What the task asks
The reply should be the records repeated exactly, without any images.

Extracted material
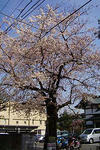 090403unokihachiman09.jpg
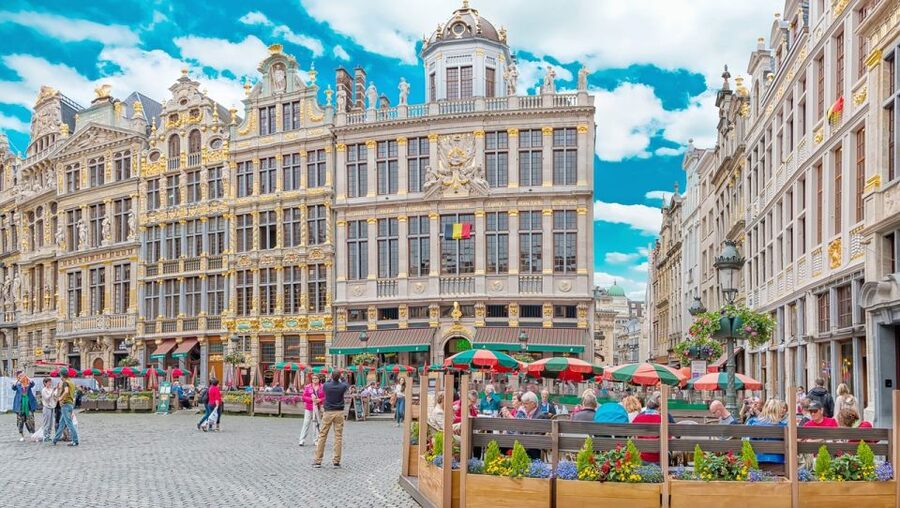 From Amsterdam: Private Sightseeing Trip to Brussels - A door-to-door ride that keeps Brussels stress low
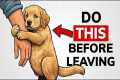 Before You Leave Your Dog Alone, Do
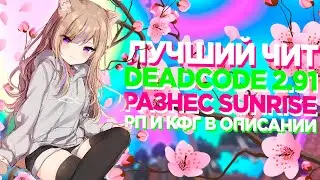 САМЫЙ МОЩНЫЙ СОФТ НА SUNRISE, REALLYWORLD, NEXUSGRIEF | DEADCODE 2.91 | ПОЛНЫХ ОБХОД ВСЕХ СЕРВЕРОВ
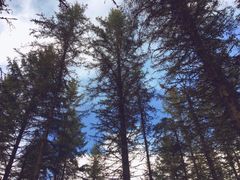 -硗碛藏寨·神木垒景区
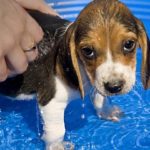 How to wash a Beagle puppy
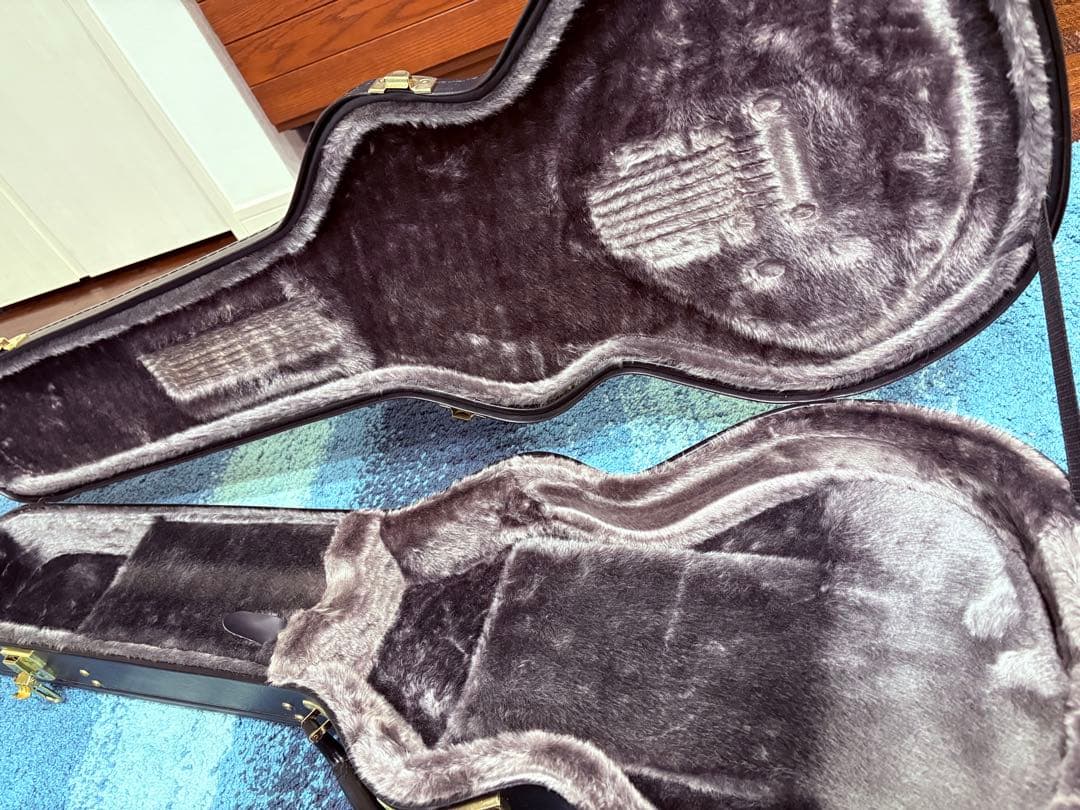 Epiphone Tak Matsumoto DC バーストバッカー#2,#3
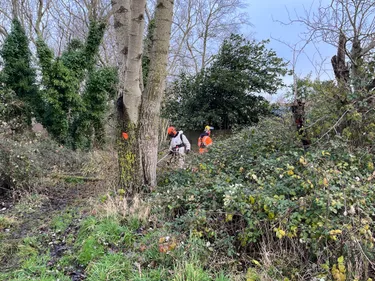 Des tronçonneuses et débroussailleuses en action à Oye-Plage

Result below
 090403unokihachiman09.jpg
 From Amsterdam: Private Sightseeing Trip to Brussels - A door-to-door ride that keeps Brussels stress low
 Before You Leave Your Dog Alone, Do
 САМЫЙ МОЩНЫЙ СОФТ НА SUNRISE, REALLYWORLD, NEXUSGRIEF | DEADCODE 2.91 | ПОЛНЫХ ОБХОД ВСЕХ СЕРВЕРОВ
 -硗碛藏寨·神木垒景区
 How to wash a Beagle puppy
 Epiphone Tak Matsumoto DC バーストバッカー#2,#3
 Des tronçonneuses et débroussailleuses en action à Oye-Plage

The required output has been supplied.